Я не мог понять, что было с этим несчастным; я думал, что у него припадок падучей или какого-нибудь другого еще более ужасного исступления; и, право, я не могу представить себе ничего более отвратительного для спокойного наблюдения, чем такое бесстыдное, гнусное поведение и такое ужасное, воспламененное самой грубой похотью лицо. Я никогда не видал другого мужчины в подобном состоянии, но, если мы бываем такими с женщинами, они должны быть очень ослеплены, чтобы не прийти от нас в ужас.

Я поспешил как можно скорее рассказать всем о том, что произошло. Старуха-начальница велела мне молчать; но я видел, что это происшествие ее сильно взволновало, и слышал, как она ворчала сквозь зубы: «Can maledet! brutta bestia!»5

Так как я не понимал, почему должен молчать, я продолжал болтать, несмотря на запрещение, и доболтался до того, что на другой день один из наставников сделал мне строгий выговор, обвиняя меня в том, что я порочу честь святого дома и подымаю шум из-за пустяков.

Он продолжал свое внушение, объяснив мне многое, чего я не знал, и не подозревая при этом, что просвещает меня, так как был уверен, что я защищался, зная, чего от меня требуют, и не соглашаясь на это. В своем бесстыдстве он зашел так далеко, что стал называть вещи своими именами и, воображая, что причиной моего сопротивления была боязнь боли, уверял меня, что эта боязнь неосновательна и мне нечего было тревожиться.

Я слушал этого мерзавца с тем бóльшим удивлением, что он действовал бескорыстно, он поучал меня как будто для моего собственного блага.
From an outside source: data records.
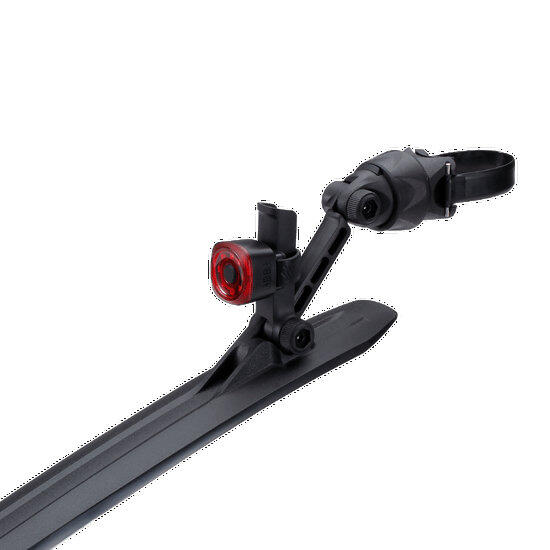 Garde-boue arrière BBB Cycling GravelCatcher 7/7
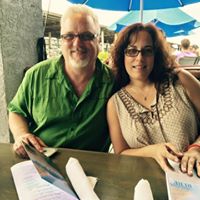 Stephanie Beasley Photo 27 Stephanie Beasley Photo 27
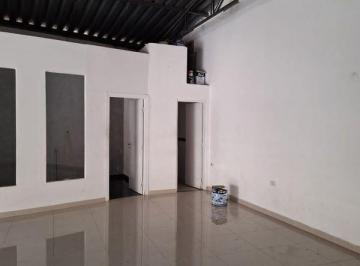 img0 · Kitnet/ Studio com 1 Quarto(s) e 1 banheiro(s) para Alugar, 20 m² por R$ 2111 / Mês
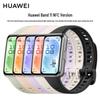 Huawei Умный фитнес-трекер Band 11 с NFC (Китайская версия)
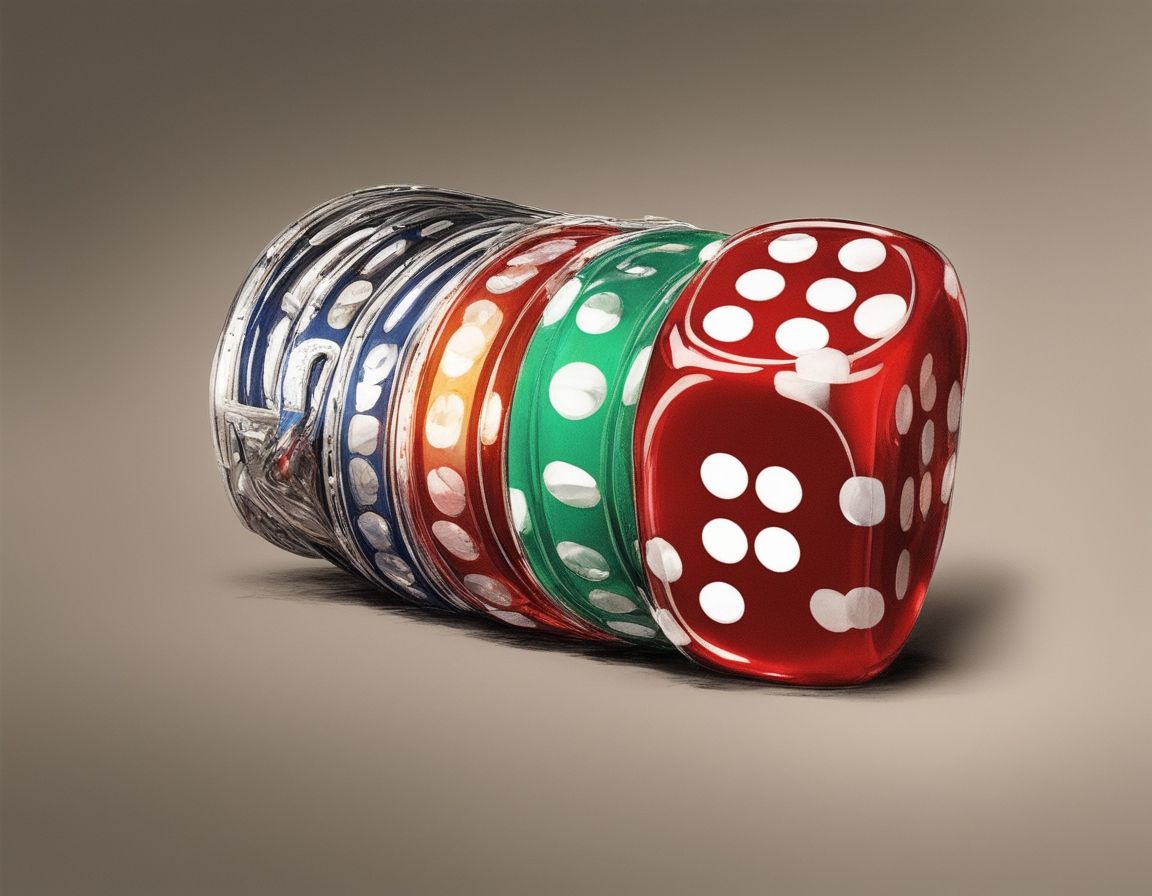 eebet77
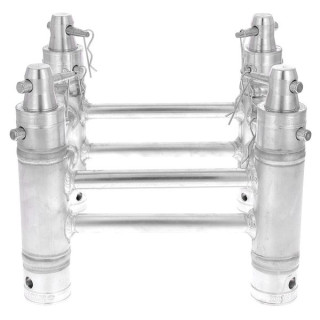 STрела Stageworx ST34-021 Stageworx ST34-021 Truss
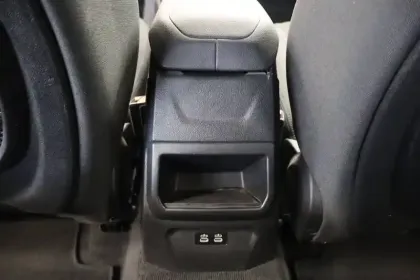 Photo 28 BMW Serie 1 116d 116 ch DKG7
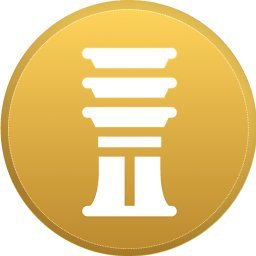 DjedStablecoin Profile Picture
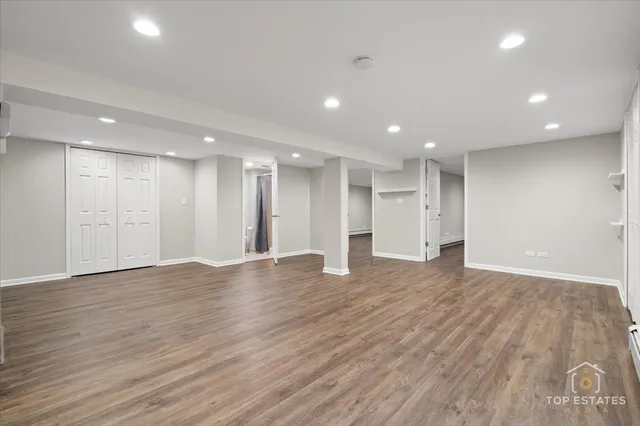 $599,000 | 10 Wildwood Drive North, Prospect Heights, IL 60070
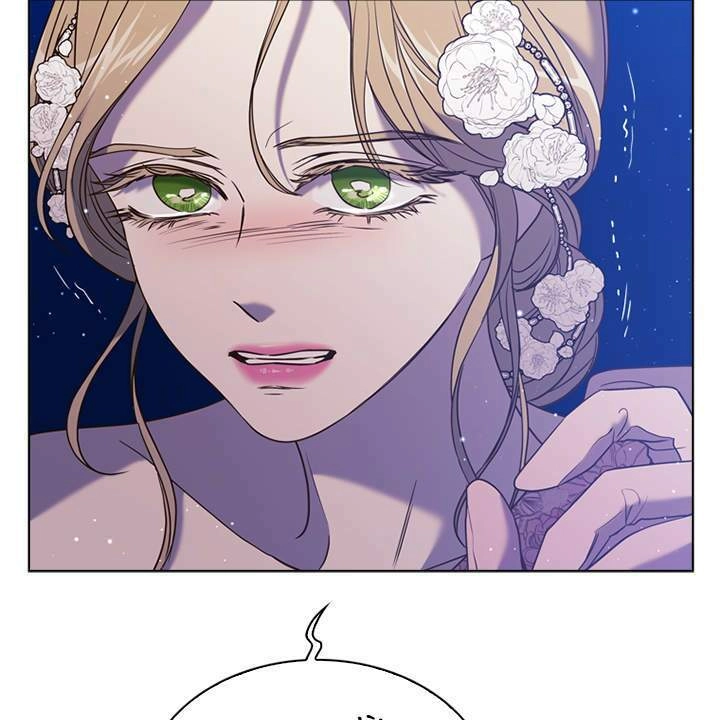 Vị Cứu Tinh Của Nhân Vật Phản Diện Chapter 39 - 41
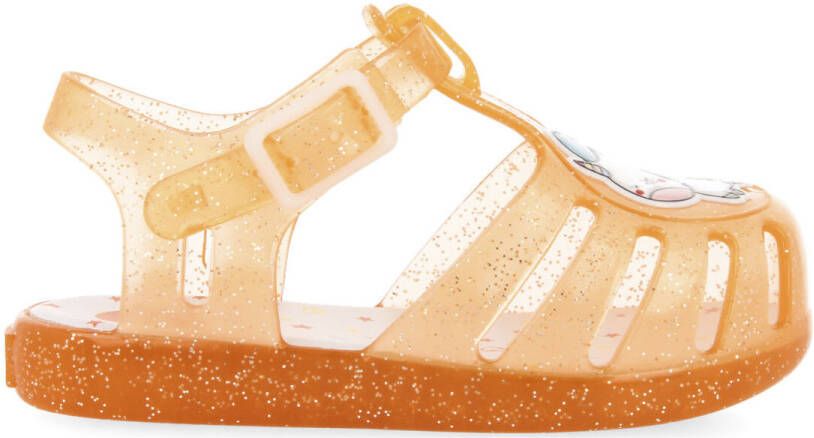 Gioseppo Waterschoenen OSCHIRI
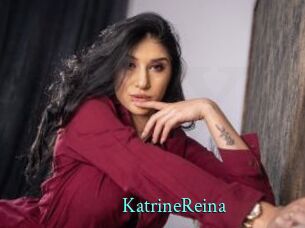 KatrineReina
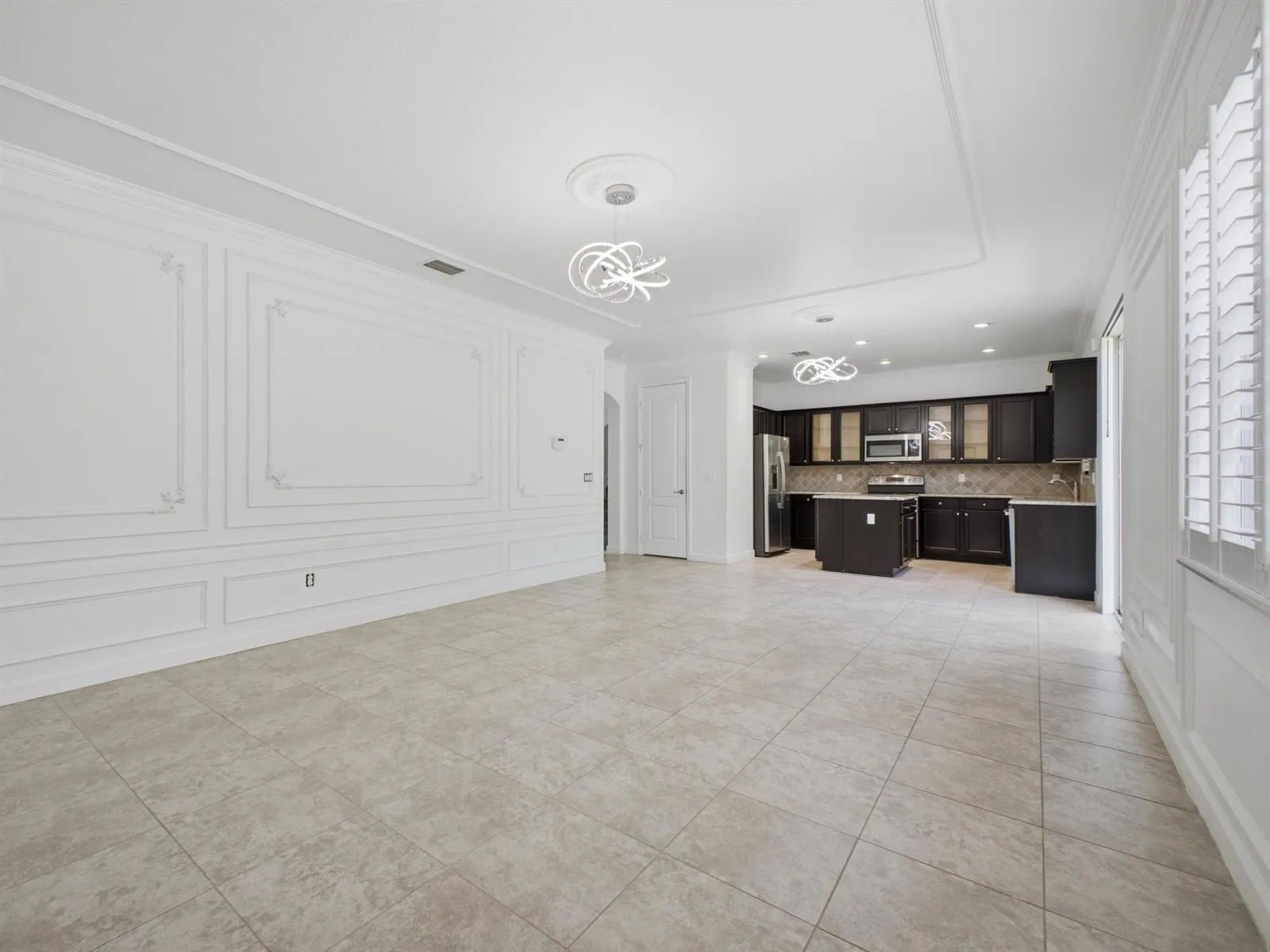 4777 Capital Drive, Lake Worth, FL 33463 photo 12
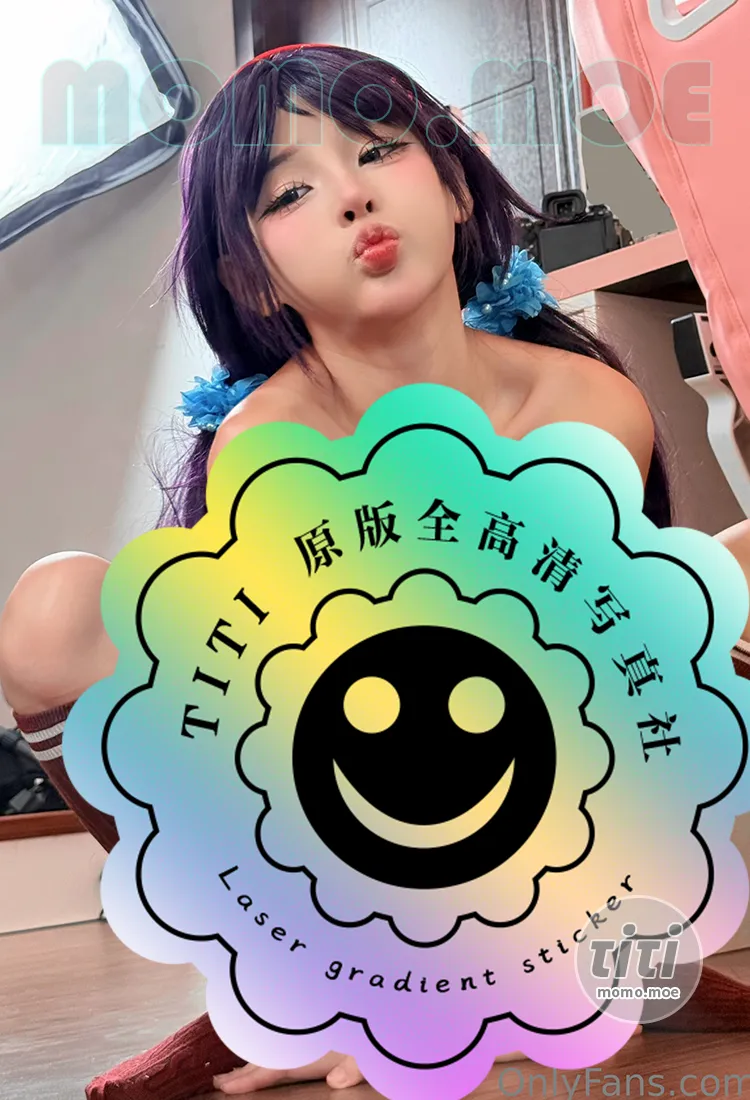 Yuumeilyn – NO.027 9.11-10.8合集 [23V+1.05GB]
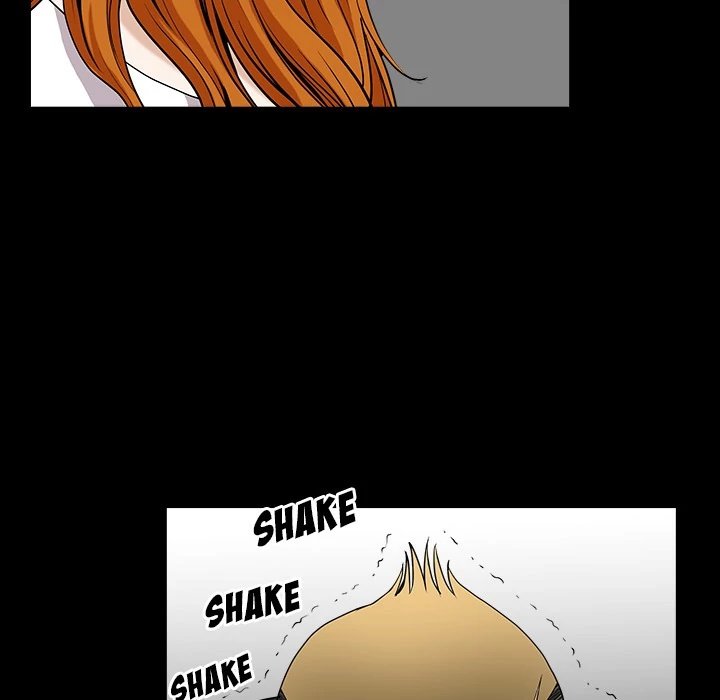 Neighbors Manhwa - Chapter 28 Page 113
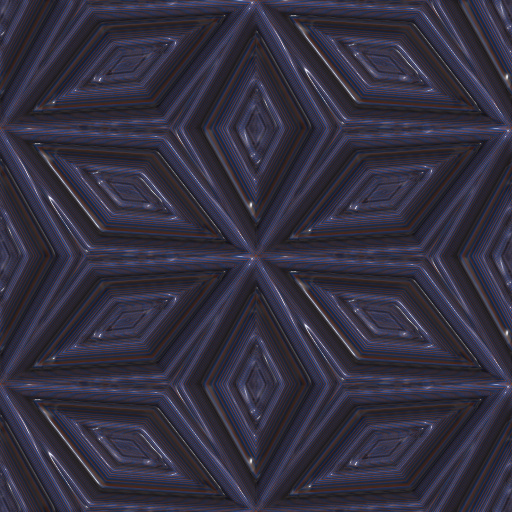 Variation 8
То, о чем он говорил, представлялось ему настолько обыденным, что он даже не постарался остаться со мной с глазу на глаз; в качестве третьего лица с нами был церковник, которого все это тоже нисколько не пугало. Непринужденность беседы так подействовала на меня, что я пришел к мысли, будто это обычай, принятый всеми, и я только не имел случая раньше с ним познакомиться. Поэтому я слушал без гнева, но с омерзением. Впечатление от пережитого и в особенности от того, что я видел, так сильно запечатлелось в моей памяти, что при одной мысли об этом меня начинало тошнить. Хотя я ничего больше не узнал, отвращение к происшествию распространилось на его защитника, и я не мог настолько сдержать себя, чтобы он не заметил плохого действия своих уроков. Он бросил на меня неласковый взгляд и с тех пор не щадил усилий, чтобы сделать мне пребывание в убежище как можно более неприятным. И настолько в этом преуспел, что я, понимая всю невозможность выйти отсюда иным путем, поспешил вступить на единственный путь, ведущий к выходу, хотя раньше старался отдалить это мгновение.

Этот случай послужил мне в дальнейшем защитой от предприимчивости подобных проходимцев; люди, слывшие такими, видом своим и жестами всегда напоминали мне моего страшного мавра и внушали такой ужас, что мне было трудно его скрыть. Напротив, женщины от этого сравнения очень выиграли в моих глазах, мне стало казаться, что я обязан вознаградить их нежностью чувств, своей личной почтительностью за оскорбления со стороны моего пола, и самая безобразная дурнушка при воспоминании об этом лжеафриканце становилась в моих глазах существом, достойным обожания.